--- THE RECORDS ---

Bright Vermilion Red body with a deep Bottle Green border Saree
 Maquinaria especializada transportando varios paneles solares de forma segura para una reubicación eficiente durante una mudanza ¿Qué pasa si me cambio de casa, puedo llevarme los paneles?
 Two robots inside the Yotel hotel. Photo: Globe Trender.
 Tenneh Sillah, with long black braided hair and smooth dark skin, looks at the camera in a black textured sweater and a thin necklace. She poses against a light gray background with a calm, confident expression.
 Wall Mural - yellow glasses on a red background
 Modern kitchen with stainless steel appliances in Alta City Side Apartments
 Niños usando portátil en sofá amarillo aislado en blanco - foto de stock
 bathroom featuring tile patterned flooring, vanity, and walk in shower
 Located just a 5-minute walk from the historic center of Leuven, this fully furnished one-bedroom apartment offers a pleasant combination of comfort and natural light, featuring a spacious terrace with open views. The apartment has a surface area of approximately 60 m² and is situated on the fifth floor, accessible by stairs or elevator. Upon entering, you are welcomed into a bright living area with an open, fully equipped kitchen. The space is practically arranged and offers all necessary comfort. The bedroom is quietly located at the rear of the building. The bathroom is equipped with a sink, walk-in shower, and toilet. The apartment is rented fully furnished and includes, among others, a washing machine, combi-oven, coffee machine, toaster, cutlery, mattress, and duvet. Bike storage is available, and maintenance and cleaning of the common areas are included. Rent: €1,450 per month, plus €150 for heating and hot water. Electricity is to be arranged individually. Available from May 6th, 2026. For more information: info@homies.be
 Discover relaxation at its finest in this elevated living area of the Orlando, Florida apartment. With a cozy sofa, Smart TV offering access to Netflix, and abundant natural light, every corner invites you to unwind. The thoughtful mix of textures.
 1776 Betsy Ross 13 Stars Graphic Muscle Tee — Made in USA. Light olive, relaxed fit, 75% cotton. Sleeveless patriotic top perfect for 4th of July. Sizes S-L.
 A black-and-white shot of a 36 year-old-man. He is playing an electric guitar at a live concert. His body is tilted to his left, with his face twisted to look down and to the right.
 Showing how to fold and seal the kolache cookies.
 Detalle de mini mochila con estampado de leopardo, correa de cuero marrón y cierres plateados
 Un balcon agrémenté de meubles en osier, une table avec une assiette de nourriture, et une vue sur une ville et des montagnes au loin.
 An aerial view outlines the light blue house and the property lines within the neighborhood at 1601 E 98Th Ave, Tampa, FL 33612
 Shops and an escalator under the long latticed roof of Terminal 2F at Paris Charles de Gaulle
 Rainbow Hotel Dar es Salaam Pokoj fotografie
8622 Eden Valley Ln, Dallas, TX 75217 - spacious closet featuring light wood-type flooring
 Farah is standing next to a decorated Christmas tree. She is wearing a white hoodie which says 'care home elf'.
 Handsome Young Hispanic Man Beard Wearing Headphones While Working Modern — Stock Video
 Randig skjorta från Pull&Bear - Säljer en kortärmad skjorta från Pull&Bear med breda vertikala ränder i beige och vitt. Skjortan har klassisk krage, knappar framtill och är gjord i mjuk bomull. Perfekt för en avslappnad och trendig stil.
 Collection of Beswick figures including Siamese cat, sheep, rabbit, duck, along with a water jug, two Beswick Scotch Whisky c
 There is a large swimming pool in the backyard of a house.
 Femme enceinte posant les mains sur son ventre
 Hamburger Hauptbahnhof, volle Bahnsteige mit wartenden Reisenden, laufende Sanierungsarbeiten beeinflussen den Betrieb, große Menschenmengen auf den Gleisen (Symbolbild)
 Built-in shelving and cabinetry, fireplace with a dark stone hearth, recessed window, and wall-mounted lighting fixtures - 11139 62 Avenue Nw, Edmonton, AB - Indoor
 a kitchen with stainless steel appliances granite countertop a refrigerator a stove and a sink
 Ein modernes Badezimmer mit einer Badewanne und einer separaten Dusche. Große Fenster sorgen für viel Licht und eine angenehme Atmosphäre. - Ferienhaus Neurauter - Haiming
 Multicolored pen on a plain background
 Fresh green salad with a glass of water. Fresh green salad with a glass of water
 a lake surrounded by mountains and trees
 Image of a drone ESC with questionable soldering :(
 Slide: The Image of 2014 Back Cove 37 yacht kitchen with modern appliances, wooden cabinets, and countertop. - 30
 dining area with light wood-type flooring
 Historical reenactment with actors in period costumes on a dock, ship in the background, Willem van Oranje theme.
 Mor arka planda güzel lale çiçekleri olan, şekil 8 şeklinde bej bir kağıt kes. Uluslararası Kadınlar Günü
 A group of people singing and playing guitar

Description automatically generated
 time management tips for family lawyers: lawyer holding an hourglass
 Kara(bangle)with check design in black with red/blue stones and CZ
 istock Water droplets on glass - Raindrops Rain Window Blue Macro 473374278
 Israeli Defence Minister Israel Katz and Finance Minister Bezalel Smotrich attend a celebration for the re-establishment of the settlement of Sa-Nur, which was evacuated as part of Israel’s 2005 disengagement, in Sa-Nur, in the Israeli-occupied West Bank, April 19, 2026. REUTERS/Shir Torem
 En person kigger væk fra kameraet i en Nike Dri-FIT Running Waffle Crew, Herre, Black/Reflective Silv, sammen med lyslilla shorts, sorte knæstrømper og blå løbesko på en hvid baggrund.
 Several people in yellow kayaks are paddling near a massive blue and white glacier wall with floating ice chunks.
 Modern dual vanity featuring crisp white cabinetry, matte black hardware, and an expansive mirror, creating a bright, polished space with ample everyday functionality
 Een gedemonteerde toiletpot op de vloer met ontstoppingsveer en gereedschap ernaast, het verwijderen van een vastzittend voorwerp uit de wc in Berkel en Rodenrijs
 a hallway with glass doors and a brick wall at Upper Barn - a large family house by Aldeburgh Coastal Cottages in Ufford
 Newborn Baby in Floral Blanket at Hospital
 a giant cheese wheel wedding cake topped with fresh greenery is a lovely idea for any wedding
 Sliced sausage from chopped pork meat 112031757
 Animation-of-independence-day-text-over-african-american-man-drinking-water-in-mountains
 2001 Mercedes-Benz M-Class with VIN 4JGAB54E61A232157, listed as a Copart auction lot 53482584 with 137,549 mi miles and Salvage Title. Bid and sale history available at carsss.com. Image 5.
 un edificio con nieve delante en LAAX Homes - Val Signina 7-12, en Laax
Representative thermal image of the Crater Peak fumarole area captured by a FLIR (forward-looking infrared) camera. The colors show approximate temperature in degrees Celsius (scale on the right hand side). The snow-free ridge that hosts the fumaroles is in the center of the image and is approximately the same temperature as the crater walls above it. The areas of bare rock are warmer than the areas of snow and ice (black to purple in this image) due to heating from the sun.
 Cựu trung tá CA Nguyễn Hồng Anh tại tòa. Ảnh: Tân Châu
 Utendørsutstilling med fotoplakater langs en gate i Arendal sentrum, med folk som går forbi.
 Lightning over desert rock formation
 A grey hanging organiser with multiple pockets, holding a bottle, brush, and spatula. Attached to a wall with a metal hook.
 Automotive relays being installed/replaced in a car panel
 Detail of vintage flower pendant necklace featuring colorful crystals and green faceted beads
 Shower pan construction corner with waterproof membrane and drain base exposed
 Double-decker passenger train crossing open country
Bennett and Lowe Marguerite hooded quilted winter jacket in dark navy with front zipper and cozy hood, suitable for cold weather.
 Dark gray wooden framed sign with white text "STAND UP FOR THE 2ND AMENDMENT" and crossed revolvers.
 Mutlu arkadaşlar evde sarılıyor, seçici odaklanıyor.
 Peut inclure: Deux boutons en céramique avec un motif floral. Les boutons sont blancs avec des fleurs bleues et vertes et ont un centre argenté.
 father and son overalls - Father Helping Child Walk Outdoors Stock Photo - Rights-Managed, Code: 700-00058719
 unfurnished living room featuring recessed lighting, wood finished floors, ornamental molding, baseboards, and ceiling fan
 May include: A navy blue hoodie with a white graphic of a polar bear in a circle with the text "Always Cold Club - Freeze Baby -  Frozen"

---

INSTRUCTIONS FOR THE TASK: Each line that contains the string "playing" counts once; report how many such lines the entries have, giving only the number.

TASK RESULT: 2